The call has been made by Federated Farmers dairy chairman Willy Leferink at the farmer group's 2012 national conference in Auckland.
This week farmer-shareholders voted in favour of TAF in a 66 per cent "yes" vote, but not enough of them in favour of a second resolution to alter Fonterra's constitution and limit the size of the Fonterra Shareholder Fund. The second resolution required a 75 per cent vote of support, but stopped short at 72.8 per cent.
Fonterra chairman Sir Henry van der Heyden said the resolution would be taken back to the dairy co-operative's annual meeting in November because it was in the company's best interests.
Leferink said yesterday that though the constitutional amendment resolution narrowly failed the vote, it was what a majority of Fonterra shareholders wanted.

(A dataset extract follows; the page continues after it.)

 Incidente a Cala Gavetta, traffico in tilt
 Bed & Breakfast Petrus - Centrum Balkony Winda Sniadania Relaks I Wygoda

"My message to MPs is to listen to what a majority of Fonterra shareholders voted for and to put that into effect via the DIRA amendment [Dairy Industry Restructuring Amendment Bill] now before you. The risk is a 'B constitution' nobody wants sitting there like a ghost from the past, given Fonterra's AGM is still months away," he said.
"Take the constitutional amendment that narrowly failed and put that into the DIRA, especially the size of the Shareholders Fund, the number of dividends any one farmer can trade into it, and the maximum number of units any one outside investor can hold.
"While Parliament's at it, what about allowing Fonterra to set its own share-price policy?" Leferink said.
The yes vote for TAF means sharemarket investors will be invited to buy dividend-carrying, non-voting units in up to 25 per cent of total Fonterra shares in a Fonterra Shareholders Fund.
TAF for the first time allows non-farm owners to buy an interest in the world's biggest dairy exporter.
Some farmer-shareholders have expressed concern that these outside influences might lead to loss of total farmer control over their co-operative, which is why limits on the size of the fund are seen by some as an important backstop.